Obamacare architect and consultant Jonathan Gruber (who had two contracts with HHS totaling $392,600) says the Affordable Care Act was written in a way to deceive voters or it wouldn't have passed. Here is the text of his comments from the Annual Health Economics Conference hosted by the University of Pennsylvania on October 17th & 18th, 2013:
"It's just, you can't do it politically, you just literally cannot do it. Okay, transparent financing … this bill was written in a tortured way to make sure CBO did not score the mandate as taxes. If CBO scored the mandate as taxes, the bill dies … lack of transparency is a huge political advantage. And basically, you know, call it the stupidity of the American voter or whatever, but basically that was really, really critical to getting the thing to pass."
Dr. Gruber, speaking January 10, 2012 at the Jewish Community Center of San Francisco, stated that insurance subsidies are tied to state-based exchanges:
"… if your governor doesn't set up an exchange, you're losing hundreds of millions of dollars of tax credits to be delivered to your citizens."
Dr. Gruber spoke to the Noblis Technologies speaker series on January 18, 2012. He was unequivocal in saying that subsidies are only available to those people who live in states that set up state exchanges and are not available to people who live in states with the Federal exchange:
"… if you're a state and you don't set up an exchange, that means your citizens don't get their tax credits. But your citizens still pay the taxes that support this bill. So you're essentially saying to your citizens that you're going to pay all of the taxes to help all of the other states in the country."
Dr. Gruber spoke to Chris Matthews on July 22, 2014 and claimed that the language that prevented the people in the federal exchange from getting subsidies was a "typo." The "typo" Dr. Gruber refers to is that part of the PPACA (Obamacare) that only authorizes subsidies for the purchase of insurance on an exchange "established by the State under Section 1311." This "typo" appears 9 times in the legislation.

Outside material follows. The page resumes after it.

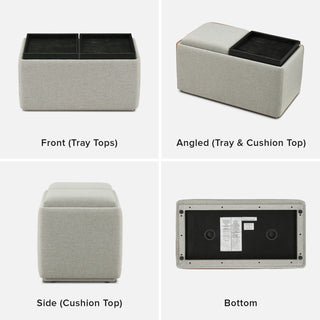 [Pre-order] Levi Storage Tray Bench, Light Gray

In fact, the answer to Chris Matthews' question is: "Yes, it was a significant policy decision to offer subsidies only to people in state exchanges. The architects of the plan thought that by not offering subsidies to individuals in the federal exchange, it would force the states to set up their own exchanges."
Research by Scot R. Vorse of the Competitive Enterprise Institute shows that the Obama administration did not believe that tax credits (subsidies) would be available to people in the federal exchange. A February 2014 congressional investigation found that the IRS initially began developing a rule to make tax credits available only on exchanges established by a state. HHS had a similar understanding of the law — for nearly two years, it developed its HealthCare.gov website without any effort to offer tax credits on the federal exchange.
The subsidies offered under the ACA trigger taxes against employers and individuals under the law's employer and individual mandates. If the subsidies the IRS is issuing in those 36 states are illegal, then the IRS is also illegally subjecting more than 57 million individuals and 250,000 employers to illegal taxes.
By next June, the Supreme Court will rule on the issue of Obamacare insurance exchange subsidies in King v. Burwell, a case that could have significant ramifications for the Affordable Care Act. Obamacare supporters have defended the IRS rule on the grounds that the precise statutory language is a mere drafting error and that everyone involved in developing and implementing the ACA understood that subsidies were intended to be available on federal as well as state exchanges. However, a growing body of contemporaneous evidence shows that even many Obama administration officials believed just the opposite.